Patrick Collins, executive director of media relations at Tufts, emphasized the importance of transparency for building trust between TUPD and the Tufts community.

“This is an important project that will increase transparency and make the department’s priorities, operations and data more visible to the community,” Collins wrote in an email to the Daily. “The changes, which are already underway, will continue over time, and provide a level of information that we hope will better engage the university community, help to build trust and make clear the department’s mission and values.”

TUPD is collaborating with Tufts Technology Services to make these updates. It aims to complete the project in two to three months, while making ongoing changes as applicable.

“[TTS] has the technology to set up the system for us, and to educate us so that we have a department member that can manage the content,” Coletta said. “We’ll manage content, TTS will manage the platform in the back end of the technology.”

Members of Tufts Action Group, a collective of faculty, staff and students who invite community members toenvision the university as a more just and inclusive institution, played a role in creating the workstream’s recommendations. 

"While TAG as a whole did not have a role in the policing and campus safety workstream there were members present who were a part of the research, conversations, and writing of the recommendations," HopeFreeman, director of the LGBT Center and interim director of the Women’s Center, as well as a member of both the steering committee of TAG and the working group for the workstream, wrote in an email to the Daily. 

She added that TUPD’s digital presence is an important first step in addressing TAG’s hopes and the workstream’s recommendations for TUPD.

“I think that transparency and accountability is important in all of our work, not just TUPD," Freeman said. "I believe that a digital presence of TUPD is a start to that transparency that many members in the Tufts community long for … This is an opportunity for Tufts as a community to hear, receive, and apply the recommendations offered in the Policing and Campus Safety report." 

Coletta emphasized the role of two-way communication in the digital world. The updates will not only increase the accessibility of statistics but also streamline TUPD’s process for receiving feedback.

“We want to have the ability to take complaints, either anonymous or otherwise, [including] complaints against our officers [and] complaints against others in the community, so that we can investigate them,” he said. “We feel that it's important that we take those types of complaints, especially against situations where … there was some issue with the way the officer behaved.”

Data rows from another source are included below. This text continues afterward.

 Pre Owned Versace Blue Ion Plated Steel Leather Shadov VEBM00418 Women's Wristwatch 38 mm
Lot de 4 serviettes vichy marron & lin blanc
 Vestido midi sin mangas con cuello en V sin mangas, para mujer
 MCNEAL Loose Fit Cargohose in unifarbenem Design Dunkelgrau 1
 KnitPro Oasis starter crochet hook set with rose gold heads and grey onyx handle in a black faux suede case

Coletta said that the current website is not transparent enough about the three types of complaints community members can make: reporting the actions of someone in the department, reporting crimes and reporting other general safety concerns relevant to the university.

Beyond updating the website, TUPD is also reviewing its policies, and any changes there will be reflected on the site, Coletta said. The department is updating its policies in accordance with both the Massachusetts Police Accreditation Commission and the workstream’s recommendations.

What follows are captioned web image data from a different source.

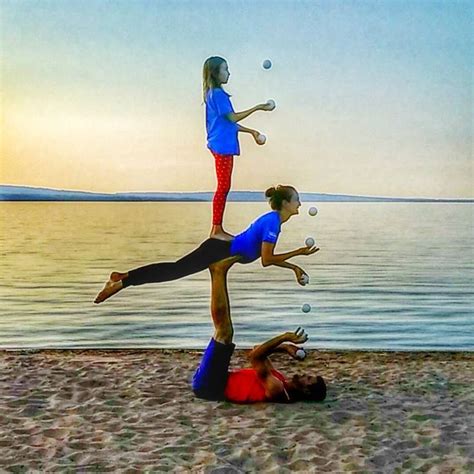 Bob And Trish Acro Yoga Three Person Juggling Bird Sandwich Sunset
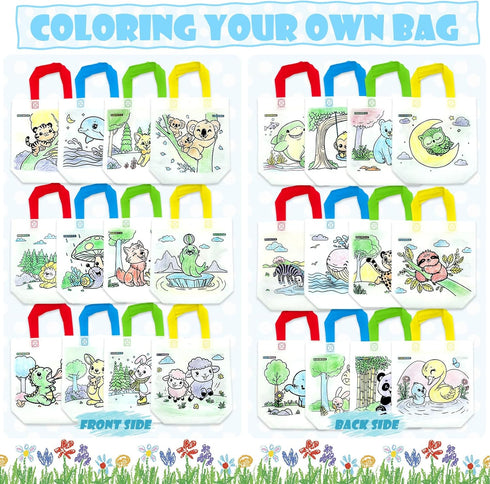 HahaMagic 12 12 Crayons(7-in-1), Coloring Goodie Bags with Reusable Art Party Favors for Kids Classroom, Birthday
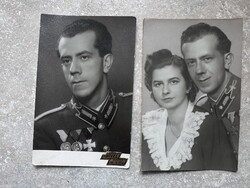 II. világháborús magyar tiszt fotók – kitüntetésekkel, dedikált (1942–43)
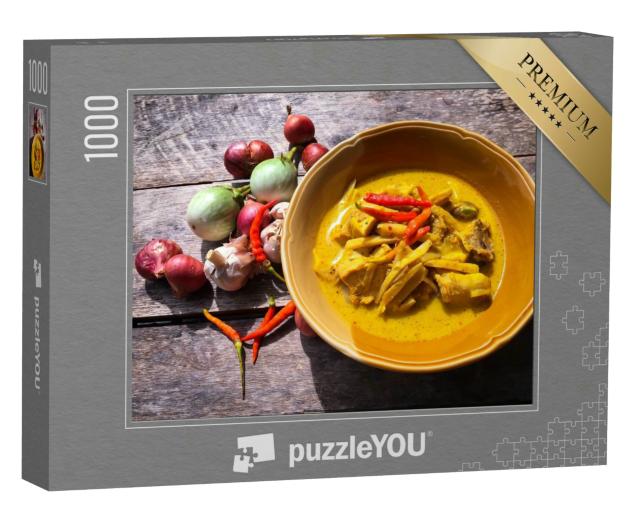 Puzzle 1000 Teile „Kokosnuss-Curry-Huhn mit Bambussprossen, Essen, Thailand“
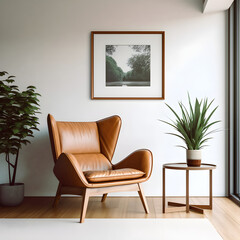 classy reading corner with leather armchair directed against the window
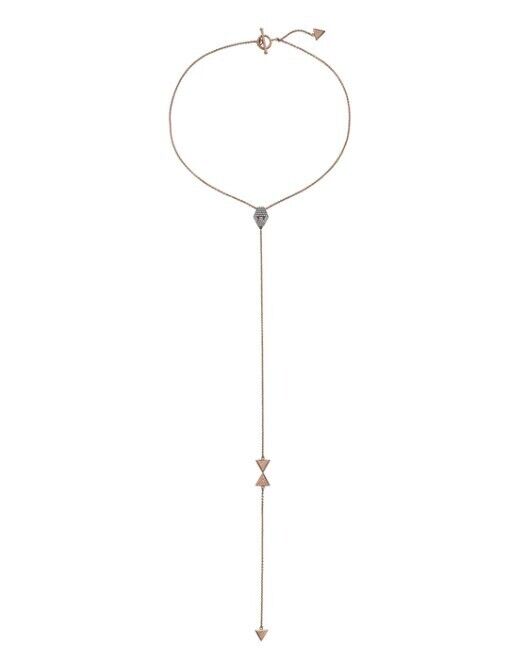 Misahara Triangle Drina Balance Diamond Necklace in 18k Rose Gold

“Our policies comply with the Accreditation Commission standards, but we want to go beyond that [and] make sure that our policies are anti-racist, that we're looking at our protocols and procedures to make sure that procedurally, we're doing things appropriately for the community,” Coletta said.

He added that the Accreditation Commission is making some minor changes to its standards to comply with police reform legislation passed at the end of last year in Massachusetts.

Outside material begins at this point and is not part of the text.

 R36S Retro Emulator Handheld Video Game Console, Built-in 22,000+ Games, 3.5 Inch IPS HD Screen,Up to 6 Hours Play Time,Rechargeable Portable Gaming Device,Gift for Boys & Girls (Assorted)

Coletta said that TUPD’s response to the workstream is a work in progress, and that the department is working on an implementation plan to address each of the recommendations. 

“I think [the recommendations] will ultimately improve our ability to provide a service to the community," Coletta said. "We're working through the implementation plan of each of the 17 recommendations. Some are very easy; they’re low-hanging fruit, [so] we'll be able to get them done right away. Others might take a little bit longer.”